Il nuovo disco di
Burzum è senza ombra di dubbio l’evento del 2010 almeno per quanto riguarda il settore estremo del Metal, e se non nella sua totalità poco ci manca. A questo punto mi sembra anche inutile dover tirare nuovamente in mezzo i soliti discorsi che lo hanno visto protagonista per i fatti di cronaca degli anni 90, adesso c’è un nuovo album da promuovere, ma soprattutto c’è un netto ritorno a quelle sonorità che lo hanno reso famoso nel mondo e che gli hanno dato il libero accesso alla storia del Metal.
Belus è nella sua natura un disco che pone le fondamenta nel più classico del Black Metal, ma allo stesso tempo è altrettanto chiaro che tenta di riscrivere le regole che lo stesso Burzum ha posto con i suoi primi cd, dove quell’aurea fredda e gelida era palpabile all’inverosimile. Per comprendere Belus bisogna aggiornare quelle caratteristiche al 2010, e con questo non sto tentando di dirvi che siamo dinanzi ad una svolta radicale (semmai quella è avvenuta con i dischi Ambient), questa è più che altro una ventata di puro reazionarismo; è un piacere tornare ad ascoltare riff semplici e ipnotici, come nella migliore tradizione, ma rigenerati nell’evitare il ripetersi di schemi già consolidati, oltre che abusati. Varg Vikernes non ha alcuna intenzione di arrendersi e butta giù 50 minuti di musica dove le atmosfere hanno un peso molto importante sull’economia generale di Belus. Canzoni come la lunga Glemselens Evl, oppure Morgenrode e la conclusiva Belus' Tilbakekomst (tutte ampiamente sopra i sette minuti) si caratterizzano per un forte uso della melodia, dal retaggio ovviamente Folk/Pagan (ma senza esagerare), anche se non vanno esclusi le strazianti urla di dolore del conte, finalmente più controllato e di certo non ai livelli di isterismo dei primi dischi. Tutto suona più costruito e maturo; magari l’avanzare degli anni e l’esperienza del carcere avranno avuto il loro peso anche sull’evoluzione artistica, questo non saprei dirlo, quello che però si manifesta in tutta la sua forza è una solidità di ferro alla base dei nuovi brani.
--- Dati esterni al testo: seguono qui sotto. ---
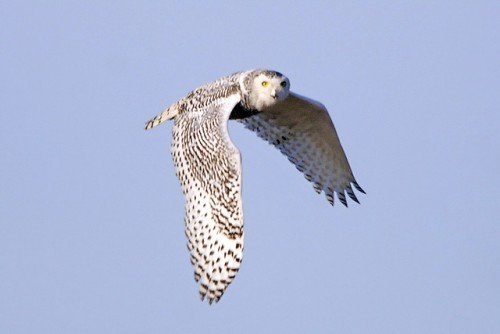 シロフクロウのメスは白くない | 動物おもしろ雑学集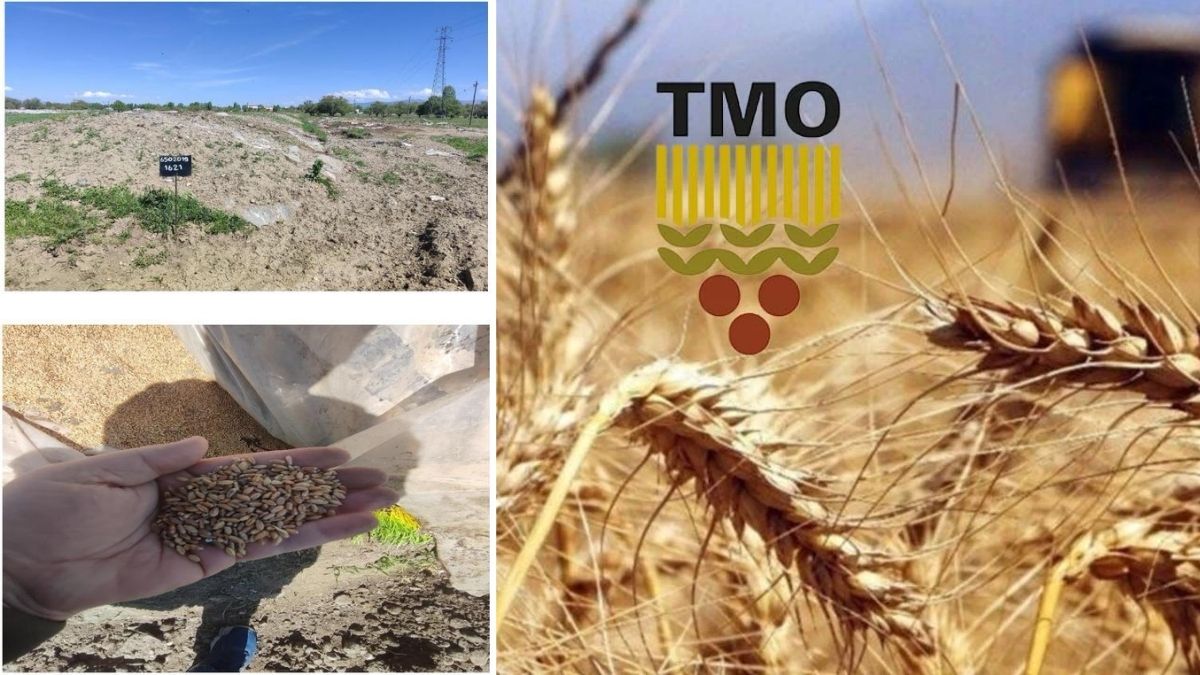 TMO'nun stokladığı buğdaya haciz geldi: "Buğday bile icralık!"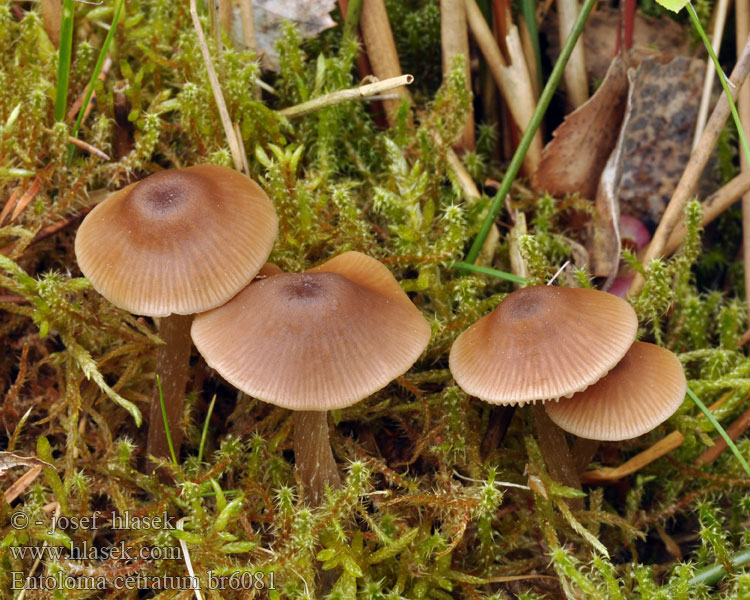 Entoloma cetratum Závojenka štítovitá Scherbengelber Glöckling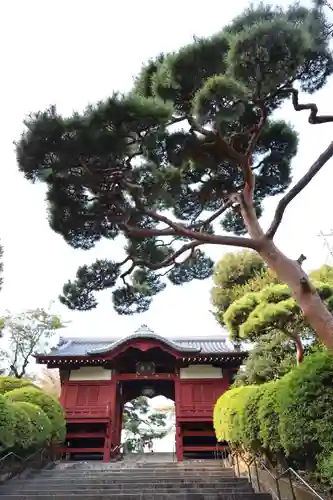 護国寺(東京都)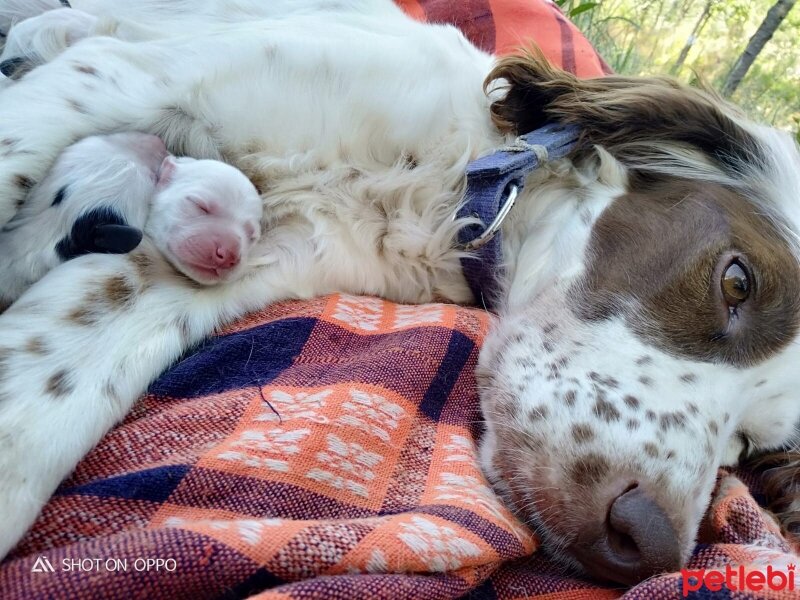 İngiliz Setter, Köpek  cookie fotoğrafı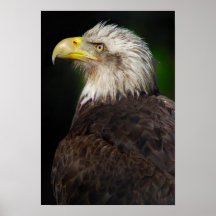 Eagle calvo americano impresiones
Ad onor di cronaca bisogna ammettere che in qualche momento si poteva sintetizzare di più, ma sono dei dettagli che non influiscono più di tanto sulla resa generale. Belus forse è la logica conseguenza di Hvis Lytar Tar Oss, e mi sto riferendo allo stile, Filosofem va visto per il mio parere come un capitolo a parte (la sua immensa qualità rimane indiscussa). Adesso è un uomo libero e ha scontato quello che c’era da scontare, quindi è finalmente giunto il momento di tornare a parlare di musica, e nella semplicità di Belus ne scorre molta. Black Metal.